Hippler: Papst ist moralische Instanz in Afrika

Kritik übte der Priester am päpstlichen Verständnis von Sexualität. Diese werde "entweder in der Ehe oder aber als Droge gesehen". Er, Hippler, frage sich, "ob es zwischen den beiden Positionen nicht noch eine Menge gibt, gerade bei jungen Menschen, die ihre Sexualität vor der Ehe nicht als Droge verstanden wissen wollen, sondern als Ausdruck ihrer Emotionen, ihrer Liebe".
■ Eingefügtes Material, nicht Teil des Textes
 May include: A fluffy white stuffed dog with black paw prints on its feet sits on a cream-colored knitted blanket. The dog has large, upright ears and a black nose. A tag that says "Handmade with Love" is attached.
In einem am selben Tag veröffentlichten Interview der "Stuttgarter Nachrichten" beschreibt Hippler den Papst als "moralische Instanz, auch in Südafrika, egal ob man katholisch ist oder nicht". Das Wort des Kirchenoberhauptes habe Gewicht. Die Äußerungen nähmen den Druck "von vielen frommen Nonnen und Ordensleuten, die versuchen, kirchlich zu leben, die aber in Südafrika in der Schizophrenie stehen, auf der einen Seite zu hören, was die Kirche sagt, auf der anderen Seite in der Praxis oft etwas anderes tun zu müssen".